Quantum Support Vector Machine (qSVM) 

Classical LS-SVM as described in this blog is reduced to solve linear equations: $$\begin{eqnarray}\mathbf{F}\left[\begin{array}{c} b\\ \boldsymbol{\alpha} \end{array}\right] \equiv\left[\begin{array}{cc} 0 & \mathbf{1}^T\\ \mathbf{1} & \mathbf{K} + \gamma^{-1}\mathbf{I}\end{array}\right] \left[\begin{array}{c} b\\ \boldsymbol{\alpha} \end{array}\right] = \left[\begin{array}{c} 0\\ \mathbf{y}\end{array}\right]\,,\end{eqnarray}$$ where $\mathbf{K}_{ij}={\mathbf{x}^{(i)}}^T\cdot {\mathbf{x}^{(j)}}$ is the kernel matrix. The qSVM algorithm is just to solve the normalized equations $\hat{F}|b, \alpha\rangle=|y\rangle$ using the HHL algorithm, where $\hat{F}\equiv F/{\text{Tr}F}$ with $||\hat{F}||\leq 1$. The qSVM paper summarizes the algorithm in the following steps:

1. Prepare the kernel by the partial trace to the pure state (2) over the data states $$\begin{equation}\text{Tr}_p |\psi\rangle\langle\psi|=\frac{1}{\sum_{k=1}^n \left|\left| \mathbf{x}^{(k)}\right|\right|^2_2}\sum_{i,j=1}^n \langle \psi_i|\psi_j\rangle \left|\left| \mathbf{x}^{(i)}\right|\right|_2 \left|\left| \mathbf{x}^{(j)}\right|\right|_2 |i\rangle\langle j|=\frac{K}{\text{Tr}K}\equiv \hat{K}\,.\end{equation}$$ The normalized kernel $\hat{K}$ is the density matrix of the auxiliary states.

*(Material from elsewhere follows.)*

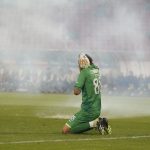 Zvezdi zatvoren stadion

2. Construct the unitary operator $e^{i\hat{K}\,\delta t}$ using the trick as in Eq. (5).
3. Compute $\text{Tr}K$: construct a Hamiltonian $\sum_{j=1}^n \left|\left|\mathbf{x}^{(j)}\right|\right|_2 |j\rangle\langle j| \otimes \sigma_x$ and apply it to the state $\frac{1}{\sqrt{n}}\sum_{j=1}^n|j\rangle|0\rangle$ to reach a state $\frac{1}{\sqrt{n}}\sum_{j=1}^n\left[\cos\left(\left|\left|\mathbf{x}^{(j)}\right|\right|_2t\right) |j\rangle|0\rangle+\sin\left(\left|\left|\mathbf{x}^{(j)}\right|\right|_2t\right)|j\rangle|1\rangle\right]$. The probability of ending in the state $|1\rangle$ after a measurement is $\sum_{i=1}^n \left|\left|\mathbf{x}^{(i)}\right|\right|_2^2 t^2/n$ when $\left(\max \left|\left|\mathbf{x}^{(i)}\right|\right|_2\right) t \ll 1$, from which one can estimate the kernel trace $\text{Tr}K=\sum_{i=1}^n \left|\left|\mathbf{x}^{(i)}\right|\right|_2^2$.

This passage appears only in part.